▶ COLLECTED MATERIAL:
↓↓↓

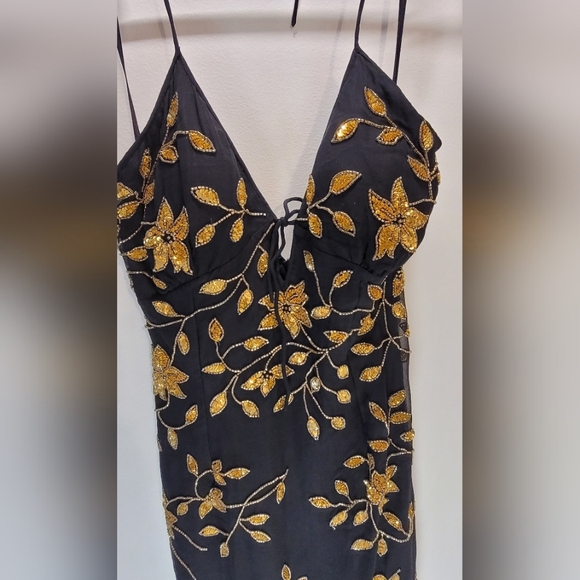 Venus vintage 100% silk golden floral embellished black dress - size medium - Picture 3 of 8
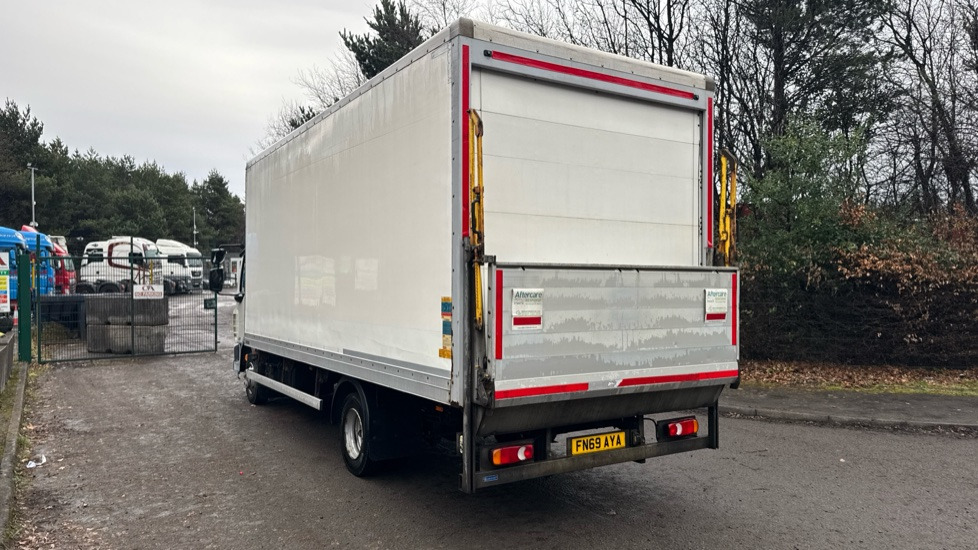 DAF LF 180 - Camião furgão: foto 3 DAF LF 180 - Camião furgão: foto 3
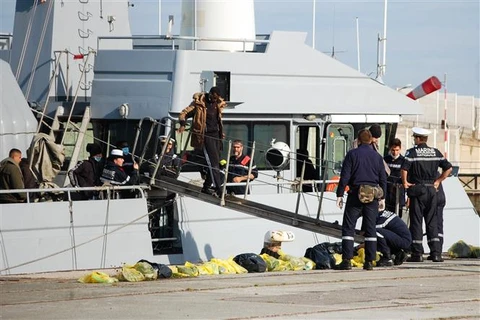 Cảnh sát châu Âu bắt 39 đối tượng liên quan nạn buôn người di cư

↑↑↑

▶ YOUR ASSIGNMENT: With images omitted, retype the data word for word.

▶ SOLUTION TO THE EXERCISE:
 Venus vintage 100% silk golden floral embellished black dress - size medium - Picture 3 of 8
 DAF LF 180 - Camião furgão: foto 3 DAF LF 180 - Camião furgão: foto 3
 Cảnh sát châu Âu bắt 39 đối tượng liên quan nạn buôn người di cư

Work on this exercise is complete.